[WHAT YOU ARE ASKED TO DO]
Reproduce exactly, and only, the lines of the material below running from the line bearing "Hajj pilgrims at Mecca." through the line bearing "Personas en fila". Leave any pictures out.

[RECORDS FOR THIS TASK]
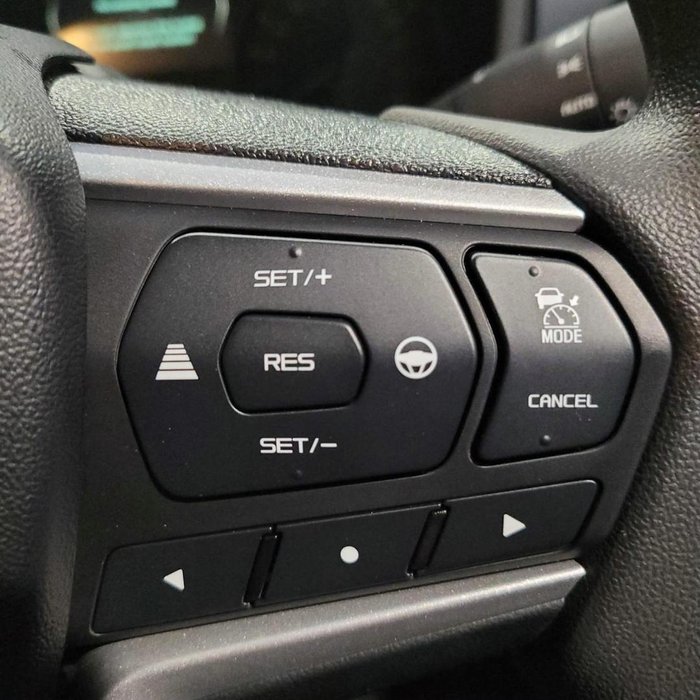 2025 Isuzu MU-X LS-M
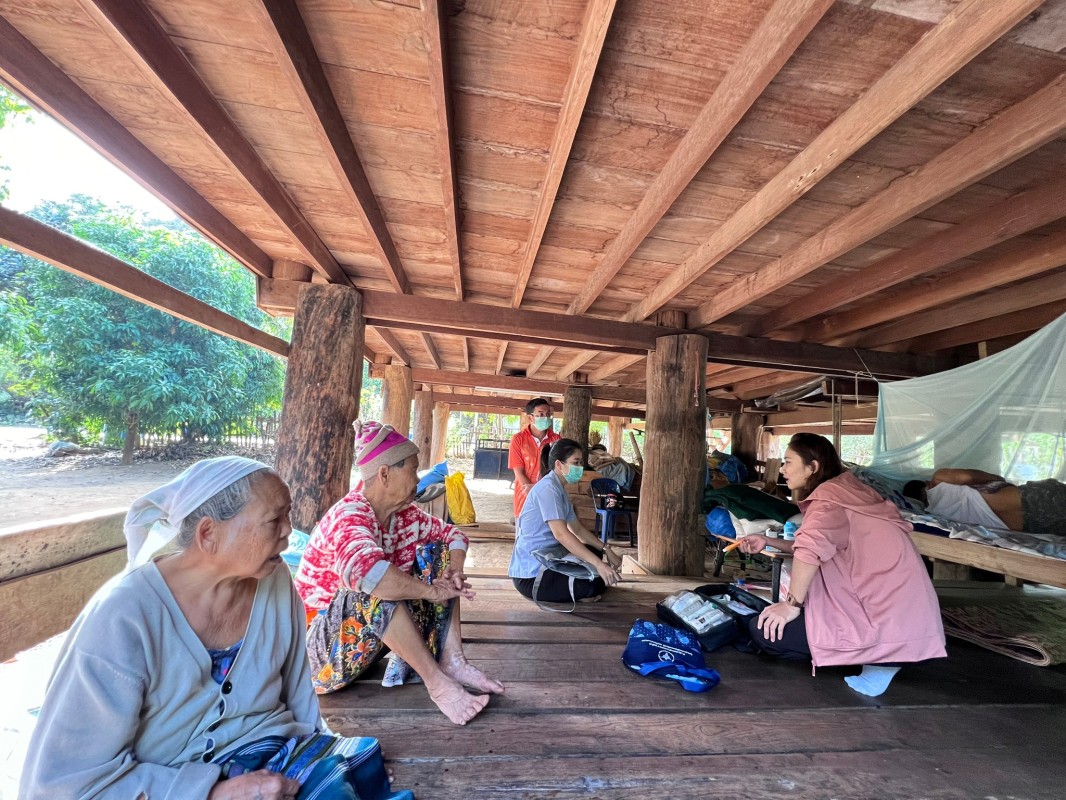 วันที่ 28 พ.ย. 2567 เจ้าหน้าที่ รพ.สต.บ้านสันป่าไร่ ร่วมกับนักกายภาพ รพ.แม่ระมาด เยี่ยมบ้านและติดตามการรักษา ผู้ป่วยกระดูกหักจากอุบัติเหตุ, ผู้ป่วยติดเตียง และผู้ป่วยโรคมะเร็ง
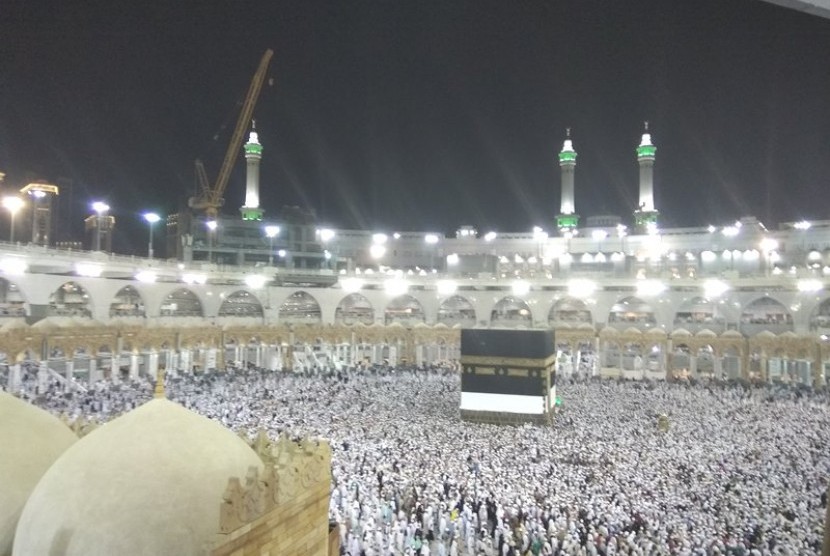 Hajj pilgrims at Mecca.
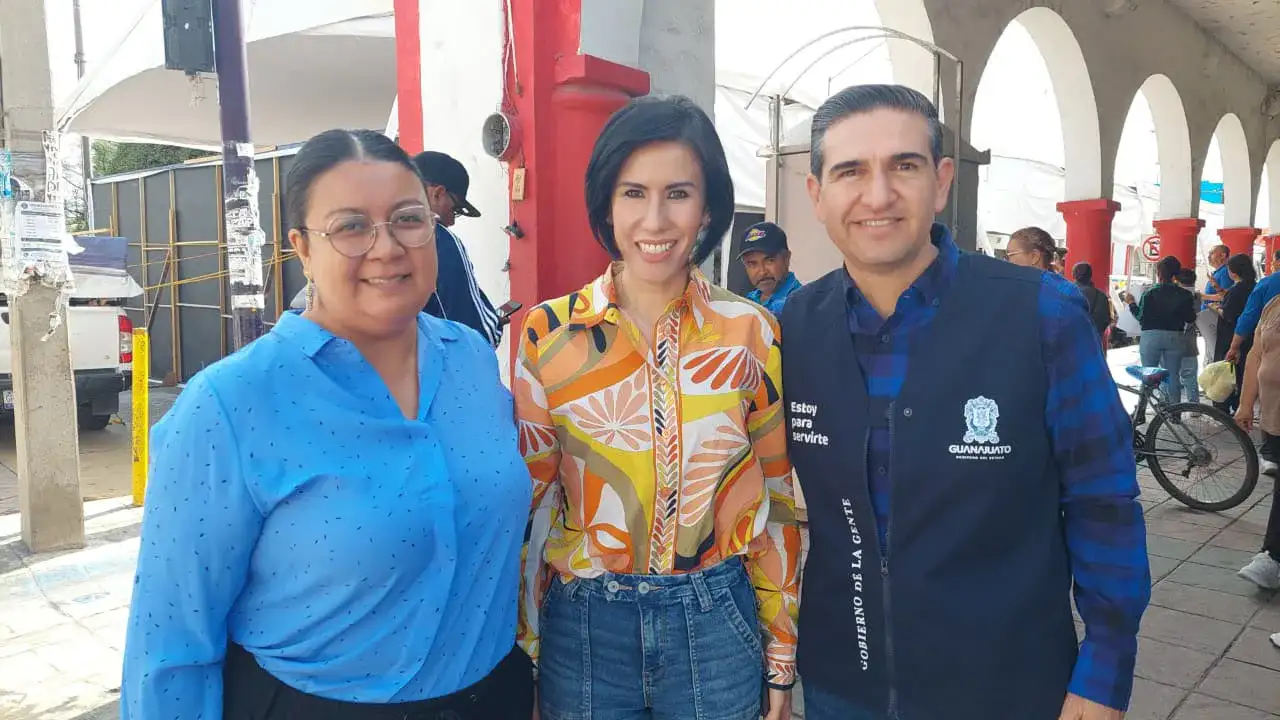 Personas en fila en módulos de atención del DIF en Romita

---

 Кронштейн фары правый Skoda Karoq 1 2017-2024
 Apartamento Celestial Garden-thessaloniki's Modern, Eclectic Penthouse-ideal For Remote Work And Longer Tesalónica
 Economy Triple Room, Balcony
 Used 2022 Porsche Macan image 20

[OUTPUT BELOW]
 Hajj pilgrims at Mecca.
 Personas en fila en módulos de atención del DIF en Romita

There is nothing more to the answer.